Addressing the problem of performance while processing big data, the authors propose a new programming model, named epiC, that deals with the problem of data variety, for example when data arrives at the evaluation engine as a mix of structured, semistructured, and unstructured data.
Existing approaches, for example, Apache Hadoop and Pregel, are focused on coping with such big data issues as high volume of text data or graphs, respectively. When dealing with data variety, the usual approach is to set up a shared-nothing cluster where a portion of the cluster is dedicated and tailored to Hadoop, another for Pregel, and so on. Of course, this approach poses several problems such as how to deal with and manage intermediate results and how to manage faults in the cluster’s working nodes.
The authors propose epiC, an actor-based framework that, leveraging existing implementations for, for example, MapReduce, facilitates big data processing with a high degree of data variety. The actor model (first introduced in a 1973 paper [1]) is a mathematical model that is composed by distributed components capable of a limited set of actions, avoiding the need for locks. The authors made benchmarks with other frameworks and ontologies, and showed improved performance.
By adopting certain implementation details, epiC fits perfectly in the gaps left open by off-the-shelf implementations, by also providing an elegant fault tolerance mechanism.
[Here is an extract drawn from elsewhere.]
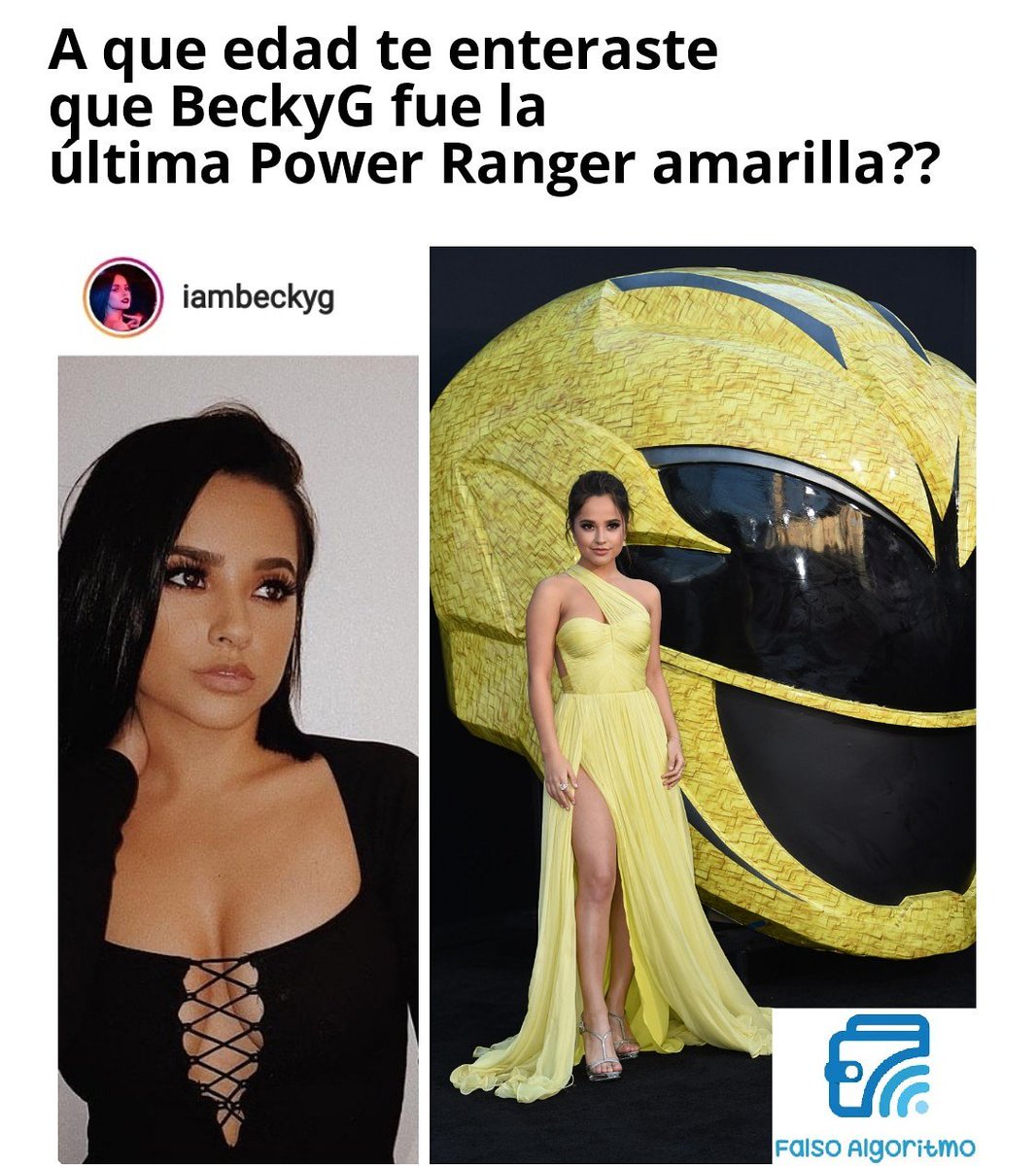 Falso_Algoritmo's tweet photo. #5Feb #becky #beckyg #PowerRangers #yellowranger #girl #beutiful #music #Venezuela #Memes #FalsoAlgoritmo #caracas #humor #followforfollowback https://t.co/2dJoe0H01e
The actor model is based on messages. Slave nodes only exchange metadata with master nodes; thus, the overhead of the communication infrastructure is really low. Computations and intermediate results are stored in a distributed file system (DFS), through an optimized storage mechanism to avoid input/output (I/O) delays.
Concluding, the paper presents a solution to those who need to tackle the issue of data variety, but not only that: the methodology used in the development is a detailed example to those who want to start developing following the actor-model paradigm.